I don't do schutzhund, I do advanced obedience and service dog training. I never used the collar with Tessa, didn't have one and didn't learn from a trainer on how to use one back when she was being trained. She was my working service dog who passed away. I used a cheap Innotec with Logan shortly, I think I had bought it because of cat chasing but I don't remember actually getting up to using it for that lol. I had forgotten I'd ever bought or used it until I came across it in a box, missing the batteries and the cover that holds the battery and completes the connection in the remote (so cannot be used without) and its so old its not supported any longer, this was around 2011 when I came across it in a box. 

But I had wanted one for years because they're such a good training tool when used correctly, able to guide and give information (both reinforcement and correction) when your dog isn't within reach, and off lead work. I finally bought one because Emma has always been only 99% reliable, its why she washed out of service dog training. Like recall, more than 99 out of 100 times she's excellent and will even stop dead in pursuit of a squirrel or cat, but every now and then she doesn't hear me and will keep chasing for a little while before she finally hears me. I'm disabled and not able to go after her if she ignores a recall any longer. Haven't had a chance to use the collar for that yet though. Ironically the first day I got the collar we had one of those moments, this time she just wanted to ignore me to run up to the fence where some dogs were inside barking at her.
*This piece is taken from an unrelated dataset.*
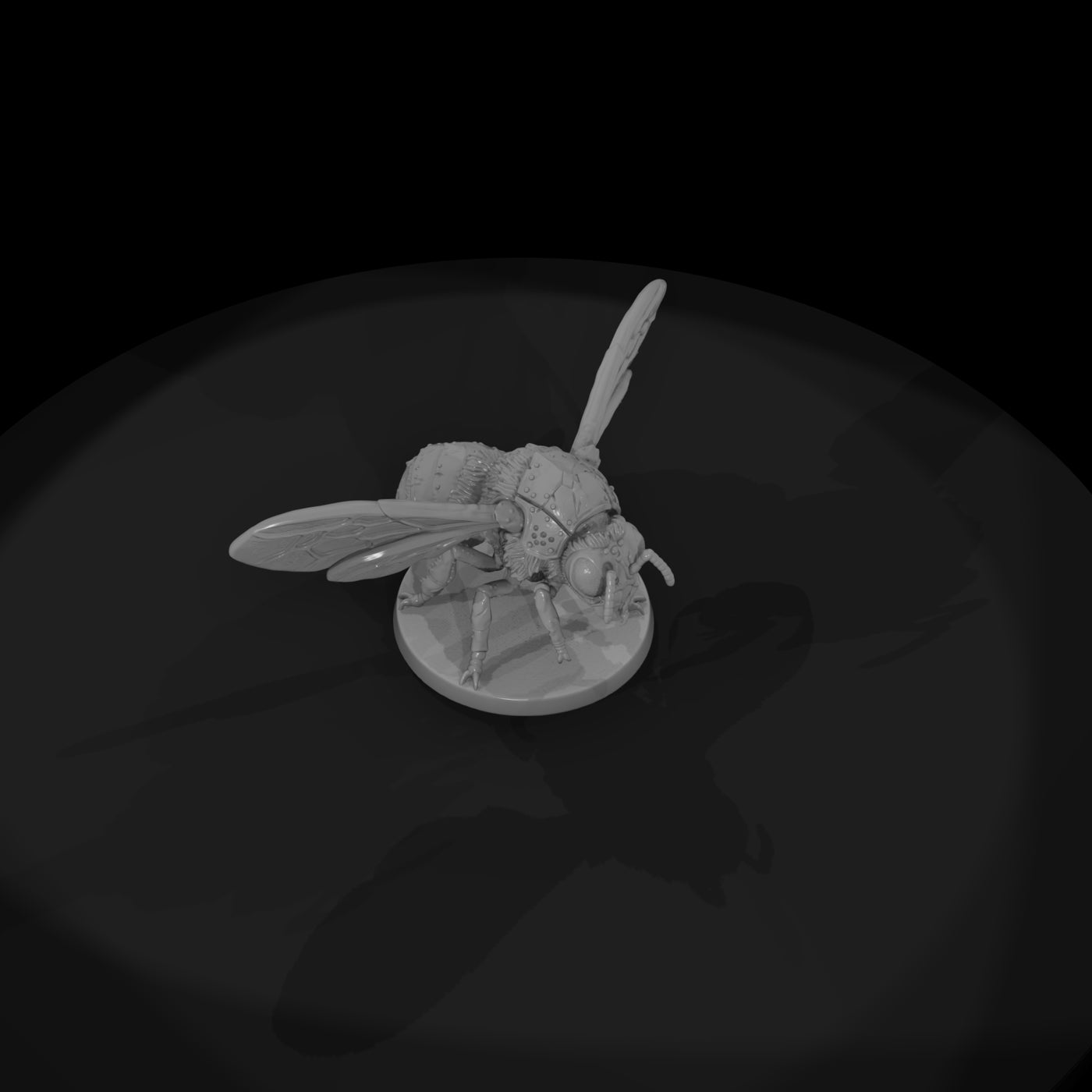 creature-p095-pollen-drone-bee-beast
But the battery on the collar had gone dead when I tried to add in the collar, I tried "dialing up" to get her attention but nothing until she finally heard me and raced back, and I saw the light was off on the collar. Where I just moved there's no fence in the yard at all, but the majority of places we lived had no fence or not a full fence, I just watch her during potty times and use an "EH-EH" command when she hits the border and needs to turn around. But I'm trying to remember to put the collar on her, especially if I can see other dogs in any yards. There's a big open space just beyond our yard, which I don't let her enter without me with her, but so technically she could run up to say 6-8 different houses yards, a good amount that are fenced and have dogs outside when I let her out, if she crossed that land ignoring me. I've also introduced the collar with the leave it command for the cat, and will also "dial up' if ever needed and she ignores the command. I'm hoping to use the collar to work on distance commands, she always wants to be right up in my face. And to proof things, because her reliability never goes over 99 (which is not enough, like recall) and can drop down to maybe 75% despite the years of training and various trainers and groups I've worked with. She will never make a service dog, I had to realize that a couple years ago, but with Tessa gone I want to introduce more tasks and better reliability to do what she can for me while I'm at home. Its going to be a long 2+ year wait for my next service dog!


----------



## GatorDog (Aug 17, 2011)

I use ecollars for IPO training.


----------



## ChunksDad (Jan 6, 2014)

I use an ecollar on Chunk during training but only during bite work. The obedience portion of his training rarely needs corrections. He is motivated by his ball and tug and rarely needs firm corrections. Bite work is another matter, when he gets into "drive" mode he is so focused and "on it" that the collar is almost required to get his attention. Most the time I don't need to use it but occasionally when he gets into the "Butthead Mode" he needs a correction that I can't get to him because most of his bite work is off leash. 
I was a little worried about using it on him but when taught how to use it correctly it is a great tool Before I even started using it I watched a video put out by Leerburg which gave me an idea on how to use it. My trainer showed me a correct method of using it by making me the collar wearer and it really helped. I learned how to apply it and to think the process thru so that it is no more than a collar correction with a prong or fursaver collar.
Good Luck..
Phil


----------



## hunterisgreat (Jan 30, 2011)

ecollar is my tool of choice


----------